Today marks the tenth anniversary of the rail disaster at Buizingen in Flemish Brabant, when two trains collided, killing 19 people and injuring 310.
The accident took place at 08.28 on a Monday morning, when a stop train riding from Leuven to Halle ran into an intercity train travelling in the opposite direction on the same track from Quiévrain to Liege, close to Buizingen station.
Emergency services were on the scene rapidly, but their work was hampered by the cold and snow on the tracks.
Today’s ceremony will see Lodewijk De Witte, governor of Flemish Brabant, lay a commemorative wreath at the scene, together with his Hainaut counterpart Tommy Leclercq and Marc Snoeckx, mayor of Halle.
The ceremony will also be attended by survivors and relatives of the dead, as well as representatives of the emergency services who took part in the rescue operation.
Earlier this week, the VRT spoke to Rudy Dewinter of the Halle fire service, who was one of the first to arrive on the scene.
“The thing that stays with me the most is the ringing of mobile phones in the wrecked train carriages,” he said. “All of them the phones of people who were hoping for an answer from a missing family member.
“I was on call that day. We got a call about an accident with a train, one of the carriages had overturned. That’s all we knew. But when we arrived we saw right away how enormous the damage was. Pylons carrying cables were brought down, carriages derailed.”
He borrowed the baton from a police officer and used it to break the window of one of the derailed carriages. “I managed to crawl inside. I immediately saw the wounded, some with slight injuries, others badly hurt.

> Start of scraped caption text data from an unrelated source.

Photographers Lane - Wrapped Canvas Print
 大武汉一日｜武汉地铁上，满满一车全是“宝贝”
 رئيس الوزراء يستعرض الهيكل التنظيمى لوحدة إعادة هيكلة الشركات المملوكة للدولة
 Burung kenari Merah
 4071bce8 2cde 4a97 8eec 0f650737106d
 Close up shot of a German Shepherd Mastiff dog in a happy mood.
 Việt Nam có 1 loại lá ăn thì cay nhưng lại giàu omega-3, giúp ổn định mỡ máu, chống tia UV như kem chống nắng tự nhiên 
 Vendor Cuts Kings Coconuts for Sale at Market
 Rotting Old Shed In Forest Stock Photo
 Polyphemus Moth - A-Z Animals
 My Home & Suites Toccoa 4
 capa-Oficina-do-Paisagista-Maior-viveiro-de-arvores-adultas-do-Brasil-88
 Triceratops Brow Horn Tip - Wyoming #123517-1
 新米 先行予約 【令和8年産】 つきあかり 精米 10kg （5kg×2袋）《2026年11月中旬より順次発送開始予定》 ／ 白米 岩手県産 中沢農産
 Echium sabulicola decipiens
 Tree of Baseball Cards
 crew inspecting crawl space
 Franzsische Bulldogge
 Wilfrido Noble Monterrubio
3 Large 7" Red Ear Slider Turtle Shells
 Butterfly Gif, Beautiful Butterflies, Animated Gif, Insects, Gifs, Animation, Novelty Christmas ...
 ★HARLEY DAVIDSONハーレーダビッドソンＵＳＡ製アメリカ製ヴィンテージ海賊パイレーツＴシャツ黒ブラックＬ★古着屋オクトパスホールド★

It took hours for those people to be evacuated.”
The Halle-Vilvoorde prosecutor’s office carried out an investigation, and last December a court concluded the driver of the stop train had contributed to the cause of the accident, and that both the rail authority SNCB and the rail infrastructure company Infrabel were also responsible.
The SNCB was fined €550,000, as was Infrabel, although half of that sum was suspended in their case.
Infrabel decided to appeal, arguing that the conclusions in the verdict of the court called into question the very functioning of the rail system.
The prosecution is also appealing the sentences in the case of Infrabel, which it considers should be punished at least as heavily as the SNCB.